◆ WHAT NEEDS TO BE DONE:
From top to bottom, print the listing word for word and skip any pictures it contains.

◆ EXERCISE DATA:
◆ ◆ ◆ ◆

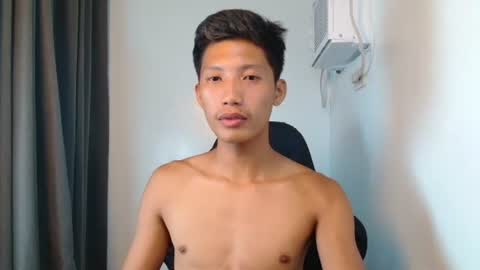 Snapshot of horny_asianmoreno chatting on September 23, 11:30 pm ROGER online show from September 23, 11:30 pm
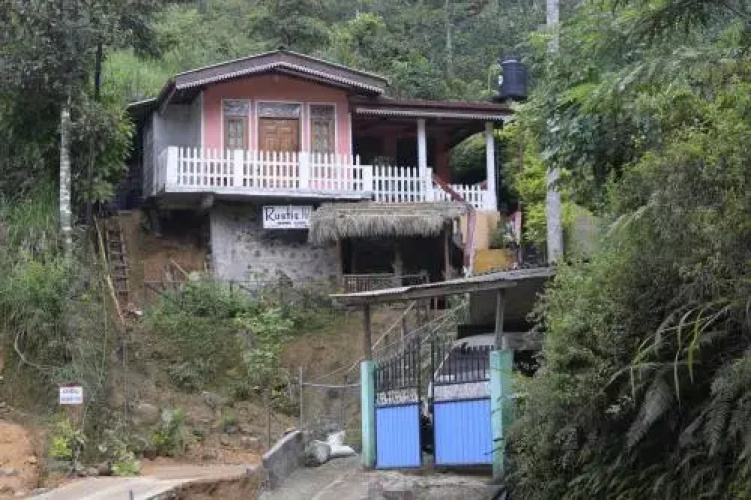 Rustle Hill Home Stay-Ella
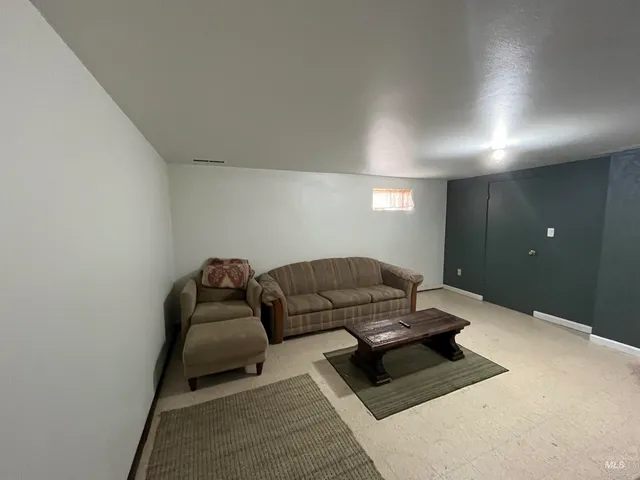 $455,000 | 1048 Reynolds Road, Princeton, ID 83857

◆ ◆ ◆ ◆

◆ EXERCISE ANSWER:
 Snapshot of horny_asianmoreno chatting on September 23, 11:30 pm ROGER online show from September 23, 11:30 pm
 Rustle Hill Home Stay-Ella
 $455,000 | 1048 Reynolds Road, Princeton, ID 83857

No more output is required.